It’s been five years since the world lost Africa’s finest journalist, Komla Afeke Dumor, who died on January 18, 2014, at the age of 41.
The revered Ghanaian broadcaster suffered a cardiac arrest in London where he was working as the pioneer presenter of the British Broadcasting Corporation (BBC) World News programme, Focus on Africa, which launched in 2012.
He was likeable and carried along his Africanness wherever he went and in whatever he did, even at the BBC. It will be an understatement to describe Komla Dumor as a rising star because he was already etched in the galaxy of the world’s big names. He was also a role model and an inspiration to many young African journalists.
The BBC could not afford to let him go out of its heart hence the creation of the Komla Dumor Award which is presented to outstanding journalists living and working in Africa, with strong journalism skills, on-air flair, and an exceptional talent in telling African stories.
The requirements for the award where exactly who Komla Dumor was, as evidenced by his beginnings in the world of broadcasting. Komla was born in Accra on October 3, 1972, to academician parents.
His father, Ernest Dumor, was a professor of sociology and his mother, Cecilia Dumor, was an educationist, editor and writer of children’s books who influenced Komla to take up journalism.

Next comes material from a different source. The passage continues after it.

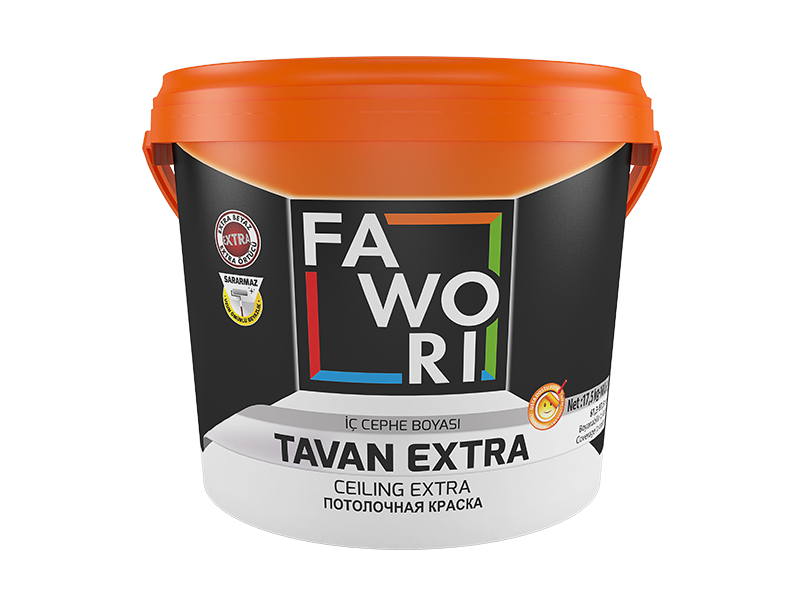 Fawori Tavan Extra 17.5 Kg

He attended St Thomas Secondary School in Kano State, Nigeria, and then qualified to study medicine in the late 1980s at the University of Jos in Plateau State. However, Komla returned to Ghana where he enrolled at the University of Ghana for a degree course in sociology and psychology. He continued his education at Harvard University where he earned a master’s degree in public policy.

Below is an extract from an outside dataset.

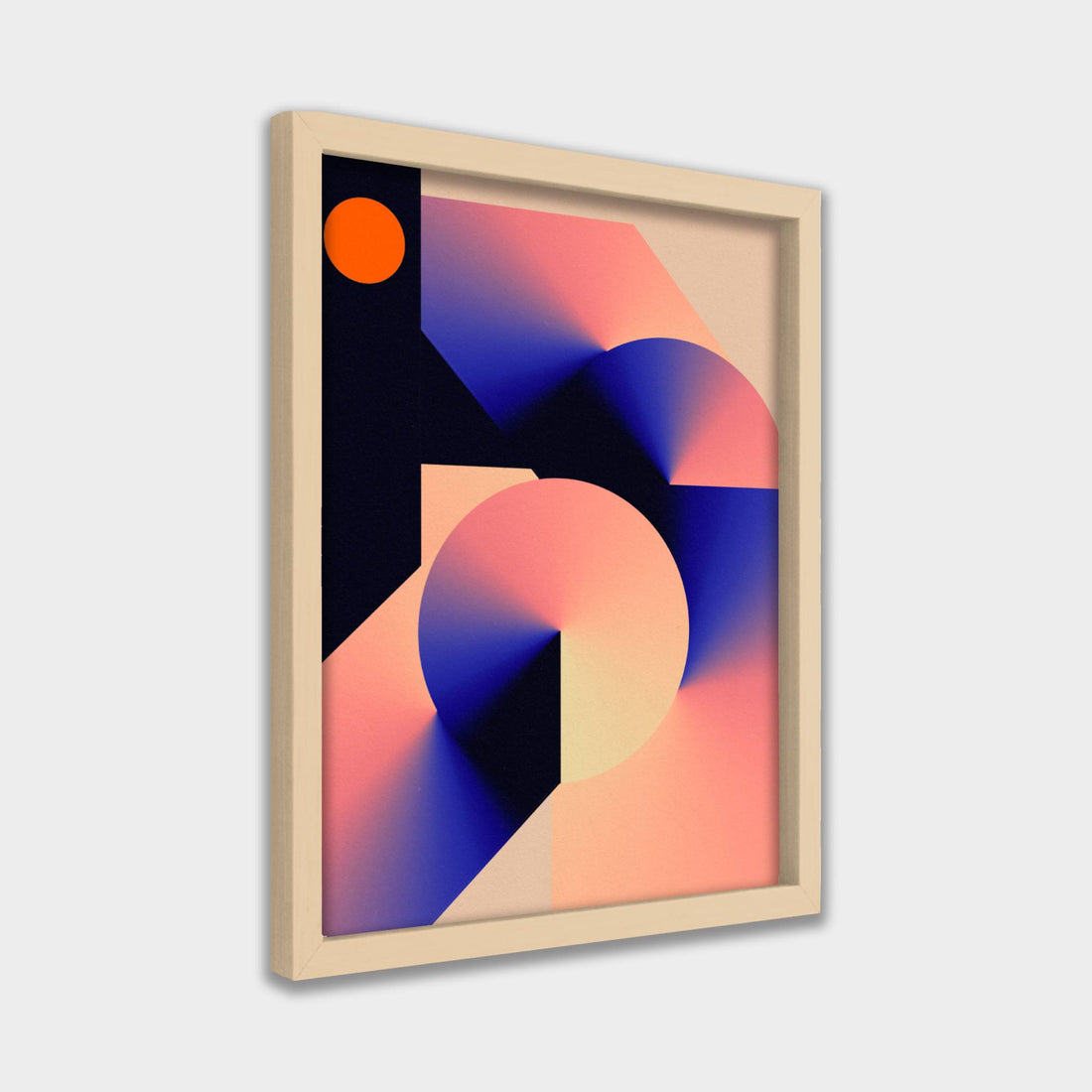 Chromatic Balance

While at the University of Ghana, Komla started his career as a traffic reporter with Joy FM where he nursed his goal of challenging corruption in the public sector.
He started by riding a motor scooter through the streets of Ghana’s capital, Accra, to inform Joy FM listeners of how to beat traffic jams and then racing off to attend lectures at the University of Ghana.
He had already become a household name before the station offered him the role of host of its morning show in 2000. It was a memorable period for many Ghanaians and journalists especially because of the democratic transfer of power as the country elected an opposition leader to succeed former military leader Jerry John Rawlings.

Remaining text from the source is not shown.